Methadone has a high risk of misuse and overdose. This is another reason why methadone therapy is strictly only available to individuals who are enrolled in a government-approved treatment program.

The treatment is guided by a medical professional who monitors the person’s methadone intake. They assess the person’s response to methadone to ensure that the withdrawal process

is safe and effective. This therapy is continued until the body no longer needs or craves opioids at all.

The outside of a rehab facility

Group support is critical to a successful treatment process and long-term recovery. Others who have dealt with opioid addiction can offer valuable insights that can be vital to preventing relapse.

While family and friends offer crucial support, they don’t always understand what it means to deal with opioid addiction actively.

Emotional support from like-minded individuals can help participants realize they are not alone, and others know what they are going through.

Is Methadone Right for You?

According to statistics cited in an article on The Fix, methadone treatment has been shown to be effective in improving quality of life for those recovering from opioid addiction. Methadone treatment has saved the lives of many who did not know where to turn and felt helpless in the depths of their addiction.

Opioid abuse can be life-threatening, as overdose is likely in active addiction. Withdrawal from any addictive substance can be trying and even dangerous. Medical assistance is needed to withdraw from opioids safely.

A doctor will help you determine if methadone treatment is right for your particular situation. If you are entering an addiction treatment facility, you’ll receive an exam and assessment at intake. The supervising physician will determine if methadone or another form of medication-assisted treatment (MAT) may be right for you.

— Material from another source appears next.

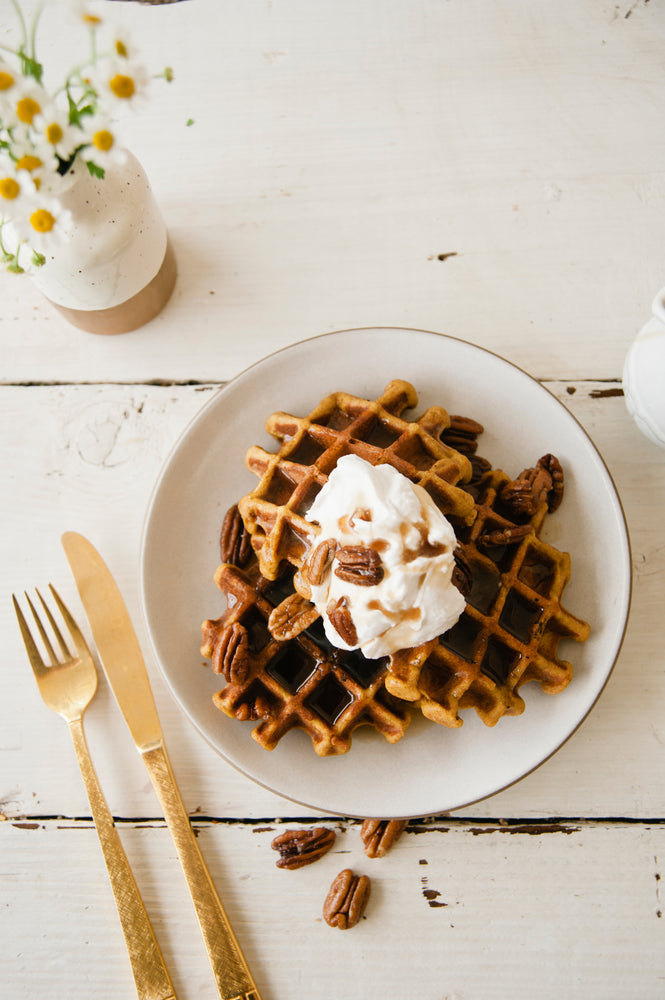 PUMPKIN WAFFLES WITH CANDIED PECANS AND COCONUT WHIPPED CREAM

What to Look for in a Rehab Center

Look for a facility that has experienced, attentive, and caring staff members. The people are the foundation of any good rehabilitation clinic. Quality interactions between staff and clients are the basis for success in recovery.

Choose a center that staffs credentialed, experienced individuals. A medical physician should supervise the methadone prescription and delivery process. Other medical professionals should also be on the roster.

Methadone isn’t enough on its own. Therapy is the core of treatment, so the center should have experienced, compassionate therapists working with you.

Individualized treatment plans are necessary.

The most effective treatment plans are tailored to each client’s individual needs. A cookie-cutter approach will not work.

A Path Forward

According to an article from The Washington Post, the rise of the opioid crisis has revived interest in methadone clinics. In states that have been hit hardest by the opioid crisis, they have started to license new methadone clinics to combat the issue. As a result, the methadone treatment industry has grown more in four years than it has in the prior 20.

From 2014 to 2018, 254 new methadone clinics were established. There hasn’t been such an increase in the industry since the 1970s.

There is some controversy that surrounds methadone treatment. Some believe that a methadone treatment program is trading one addiction for another. Others say that it is one of the most effective and proven treatment programs for opioid-based addiction out there. A methadone prescription and bottle

As of now, methadone treatment is a highly regulated process. Many states have limited the number of clinics that can be licensed.

These clinics are required to provide certain services, such as therapy, HIV/AIDS counseling, family counseling, and vocational services.

If they don’t offer these services, they must refer clients to them.

In many states, clients have to visit clinics daily to get their dose of methadone. Methadone doesn’t offer flexibility in prescription, so most often, clients cannot take it at home.

Ultimately, methadone rehab can be appropriate for some people who are addicted to opioids. It should not be used on its own. It should be part of a complete program that includes intensive therapy.